- 1 (8 oz) package cream cheese, softened
- 1 stick of butter, softened
- 1 cup sugar
- 2 eggs, room temperature
- 1 cup mashed bananas, 3-4 medium
- 1 teaspoon vanilla
- 2 1/4 cups flour
- 1 1/2 teaspoons baking powder
- 1/2 teaspoon baking soda
- 1/4 teaspoon salt
- 3/4 – 1 cup chopped pecans
- 2 Tablespoons brown sugar
- 1/2–1 teaspoon cinnamon
- 3 Tablespoons all purpose flour
- 1 1/2 Tablespoons cold butter, cut into small pieces
- Preheat the oven to 350 degrees. Spray a 13×9 inch baking pan with baking spray.

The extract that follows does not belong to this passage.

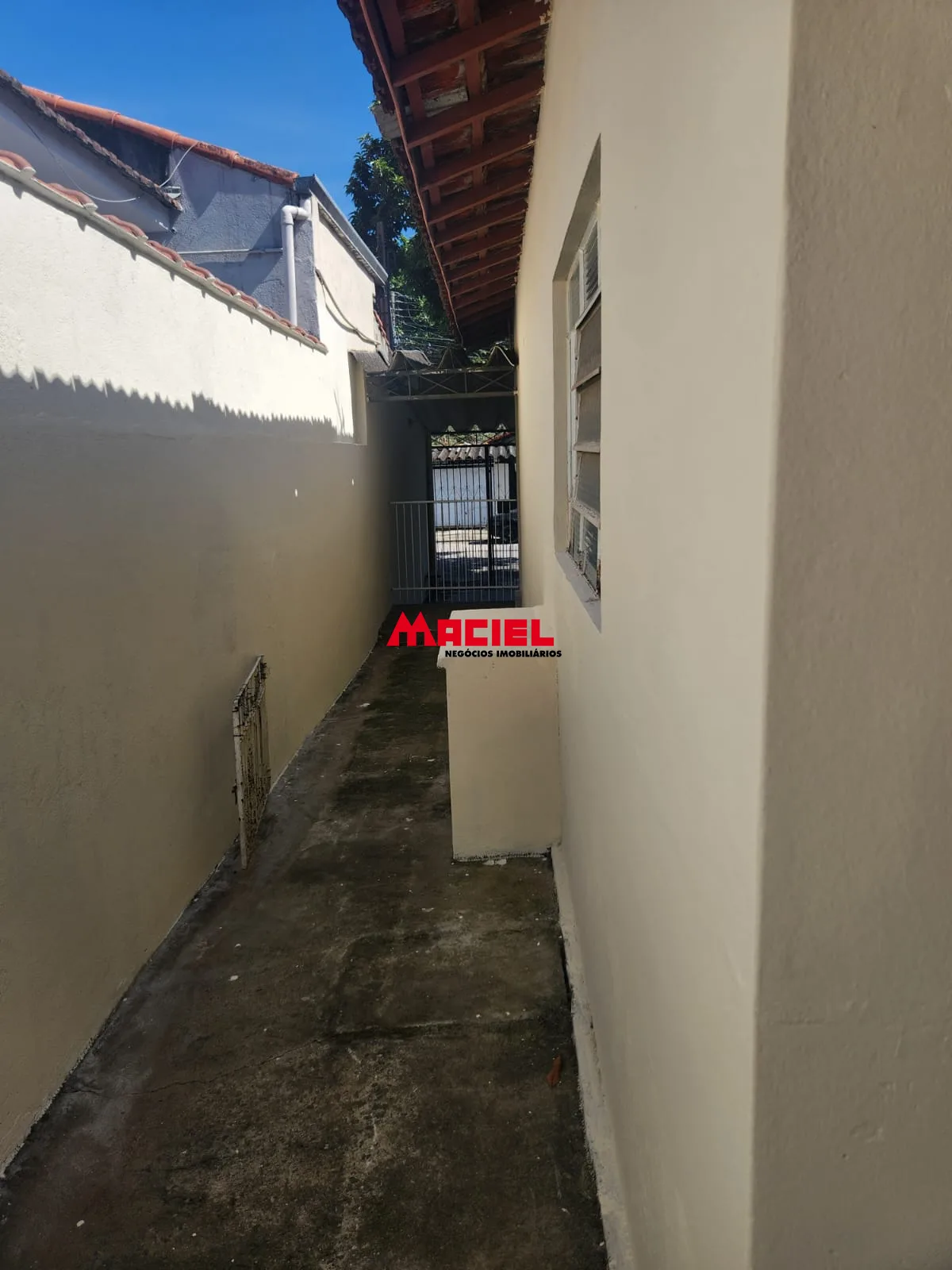 Alugar Casa / Padr&atilde;o em S&atilde;o Jos&eacute; dos Campos R$ 2.700,00 - Foto 4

- If you’re using frozen bananas, like I usually do, defrost them, peel and place in a fine mesh sieve. Drain until no liquid is left, about 5 minutes. Mash the bananas.
- In a standing mixer with paddle attachment, mix the cream cheese, butter and sugar until light and fluffy, about 3 minutes.
- With the mixer running on low, add eggs, one at a time until the eggs are incorporated.
- Add the mashed bananas and vanilla and mix to combine.
- Whisk the flour, baking powder, baking soda and salt in a bowl until evenly mixed. Add the dry ingredients to the batter and mix just until the dry ingredients are incorporated.
- Spread out the batter evenly in the prepared baking dish.
- Combine all the ingredients for the streusel topping together in a small bowl. Spread evenly over the batter.
- Bake for 35-40 minutes.
- I usually cut the coffecake into 4 portions. Wrap each portion in parchment paper and remember to label. Wrap each portion in several layers of plastic wrap or place in a ziptop bag or sealed container.
- To serve: Unwrap the coffecake and defrost. You can eat it as soon as it unthaws or place in the microwave for about a minute or heat up for about 10 minutes in a 400 degree oven.